Experimental Morris II worm can exploit popular AI services to steal data and spread malware

Cornell researchers created worm 'to serve as a whistleblower'

Experimental Morris II worm can exploit popular AI services to steal data and spread malware

Image:
Experimental Morris II worm can exploit popular AI services to steal data and spread malware

Researchers have created the first known generative AI worm, capable of spreading through interconnected AI systems and potentially wreaking havoc on a massive scale.

Led by a team from Cornell Tech comprised of Ben Nassi, Stav Cohen and Ron Bitton, the project is dubbed "Morris II" - referencing the notorious Morris computer worm that spread on internet in 1988.

Their findings demonstrate how Morris II can exploit a generative AI email assistant, siphoning data from emails and sending spam - even bypassing some security measures in popular AI systems like ChatGPT and Gemini.

Large language models (LLMs), the backbone of generative AI, are increasingly becoming multimodal, capable of generating not just text, but also images and video.

LLMs typically function by processing prompts - text instructions that guide the system in generating responses or creating content. However, these prompts can be weaponised.

Attack methods include "jailbreaking", bypassing safety protocols and forcing the system to generate harmful or offensive content, and dialogue poisoning, in which the attacker manipulates the LLM to follow a sequence of instructions. LLMs can also leak the private data they may have been trained on.

The researchers say they created Morris II through a novel technique known as "adversarial self-replicating prompt," which tricks the AI model into generating another prompt as part of its response. This tactic, akin to traditional cyberattacks like SQL injection, poses a significant threat to the integrity of AI systems.

To demonstrate the worm's capabilities, the researchers built an email system that interacts with generative AI systems like ChatGPT, Gemini and the open-source LLaVA model.

The research team uncovered two methods of exploitation: one using text-based prompts and another embedding malicious prompts within image files.

In one scenario, the researchers simulated an attacker sending an email containing the adversarial prompt. This prompt essentially "poisons" the email assistant's database by leveraging a feature called Retrieval-Augmented Generation (RAG). RAG allows LLMs to access external data sources to enhance their responses. When the email, containing the malicious prompt, is retrieved through RAG and sent to a system like GPT-4 or Gemini Pro for processing, it essentially jailbreaks the AI service, enabling it to steal data from emails.

This stolen data, embedded within the generated response, then infects new systems when used to reply to emails from unsuspecting users.

The second method involves encoding a malicious prompt within an image, turning any image file into a potential carrier for the worm. This enables the compromised email assistant to forward the infected message to other users, further propagating the infection.

Two types of applications might be at risk from a real-world worm similar to Morris II. The first is genAI-powered applications whose execution flow is dependent upon the output of the genAI service. The second type is applications that use RAG.
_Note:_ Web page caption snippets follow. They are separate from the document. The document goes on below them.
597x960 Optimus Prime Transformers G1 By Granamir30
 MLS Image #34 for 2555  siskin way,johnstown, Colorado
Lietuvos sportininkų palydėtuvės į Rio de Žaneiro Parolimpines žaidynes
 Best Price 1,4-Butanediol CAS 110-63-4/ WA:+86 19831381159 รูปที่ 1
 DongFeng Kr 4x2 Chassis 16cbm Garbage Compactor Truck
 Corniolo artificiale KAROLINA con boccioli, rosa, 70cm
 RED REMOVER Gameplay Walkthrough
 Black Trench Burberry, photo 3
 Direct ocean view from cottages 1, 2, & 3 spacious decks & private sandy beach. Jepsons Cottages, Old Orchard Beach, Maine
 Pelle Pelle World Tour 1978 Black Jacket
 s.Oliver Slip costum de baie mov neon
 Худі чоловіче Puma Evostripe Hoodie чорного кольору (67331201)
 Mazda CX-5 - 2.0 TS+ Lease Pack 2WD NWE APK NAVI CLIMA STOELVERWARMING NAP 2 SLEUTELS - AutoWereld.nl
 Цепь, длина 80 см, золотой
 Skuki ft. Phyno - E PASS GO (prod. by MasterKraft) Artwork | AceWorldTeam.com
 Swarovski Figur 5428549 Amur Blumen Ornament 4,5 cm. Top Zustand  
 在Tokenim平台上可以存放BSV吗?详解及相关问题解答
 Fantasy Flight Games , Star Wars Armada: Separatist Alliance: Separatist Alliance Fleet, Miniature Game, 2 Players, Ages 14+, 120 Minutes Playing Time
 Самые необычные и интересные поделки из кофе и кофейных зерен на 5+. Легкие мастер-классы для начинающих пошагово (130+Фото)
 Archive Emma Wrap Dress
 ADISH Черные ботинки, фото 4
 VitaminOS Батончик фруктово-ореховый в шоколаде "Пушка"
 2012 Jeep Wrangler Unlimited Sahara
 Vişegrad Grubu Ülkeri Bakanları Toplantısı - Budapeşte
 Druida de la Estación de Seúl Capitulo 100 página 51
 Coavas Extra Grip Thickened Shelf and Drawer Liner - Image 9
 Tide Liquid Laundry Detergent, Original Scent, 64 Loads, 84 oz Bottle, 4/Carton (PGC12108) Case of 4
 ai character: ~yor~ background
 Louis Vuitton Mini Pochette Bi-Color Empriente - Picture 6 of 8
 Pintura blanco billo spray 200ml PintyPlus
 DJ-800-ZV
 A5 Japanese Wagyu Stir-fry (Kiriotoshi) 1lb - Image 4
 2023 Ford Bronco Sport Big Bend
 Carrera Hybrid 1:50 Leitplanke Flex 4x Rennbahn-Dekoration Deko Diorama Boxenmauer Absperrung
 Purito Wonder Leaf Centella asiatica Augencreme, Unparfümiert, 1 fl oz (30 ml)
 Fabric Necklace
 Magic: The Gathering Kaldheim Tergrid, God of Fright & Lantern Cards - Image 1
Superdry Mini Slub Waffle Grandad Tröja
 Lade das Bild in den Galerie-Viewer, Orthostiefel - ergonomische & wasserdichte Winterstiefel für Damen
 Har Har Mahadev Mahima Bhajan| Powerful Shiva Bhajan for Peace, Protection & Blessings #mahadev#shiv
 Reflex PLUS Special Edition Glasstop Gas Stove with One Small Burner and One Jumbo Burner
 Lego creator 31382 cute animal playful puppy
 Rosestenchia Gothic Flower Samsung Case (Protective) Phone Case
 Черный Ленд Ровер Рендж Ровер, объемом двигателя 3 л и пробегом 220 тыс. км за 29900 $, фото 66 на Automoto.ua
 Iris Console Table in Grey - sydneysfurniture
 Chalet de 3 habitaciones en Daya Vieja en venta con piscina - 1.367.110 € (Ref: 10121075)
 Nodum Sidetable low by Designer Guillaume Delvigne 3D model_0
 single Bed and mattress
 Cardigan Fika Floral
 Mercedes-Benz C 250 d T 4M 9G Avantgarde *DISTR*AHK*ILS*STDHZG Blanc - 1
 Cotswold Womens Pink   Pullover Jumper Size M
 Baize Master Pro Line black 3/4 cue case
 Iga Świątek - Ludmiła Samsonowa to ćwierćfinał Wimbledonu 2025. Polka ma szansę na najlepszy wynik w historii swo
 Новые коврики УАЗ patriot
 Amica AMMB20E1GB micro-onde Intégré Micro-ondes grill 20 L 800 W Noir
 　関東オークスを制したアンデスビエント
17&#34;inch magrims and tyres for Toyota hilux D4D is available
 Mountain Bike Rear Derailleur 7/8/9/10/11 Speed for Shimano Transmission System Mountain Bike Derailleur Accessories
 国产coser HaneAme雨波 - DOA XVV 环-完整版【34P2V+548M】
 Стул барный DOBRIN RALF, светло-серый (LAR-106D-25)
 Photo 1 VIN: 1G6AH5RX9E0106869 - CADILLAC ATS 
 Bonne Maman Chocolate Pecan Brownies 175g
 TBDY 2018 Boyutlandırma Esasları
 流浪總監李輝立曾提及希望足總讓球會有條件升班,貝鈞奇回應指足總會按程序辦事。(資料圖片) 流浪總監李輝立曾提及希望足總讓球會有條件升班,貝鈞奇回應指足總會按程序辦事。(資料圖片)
The researchers say their work is intended "to serve as a whistleblower to the possibility of creating GenAI worms in order to prevent their appearance". They reported their findings to both Google and OpenAI.

OpenAI acknowledged the research, admitting the possibility of vulnerabilities related to user input that hasn't been adequately filtered or checked. The company said it is working to improve system resilience and urged developers to implement methods that safeguard against malicious input.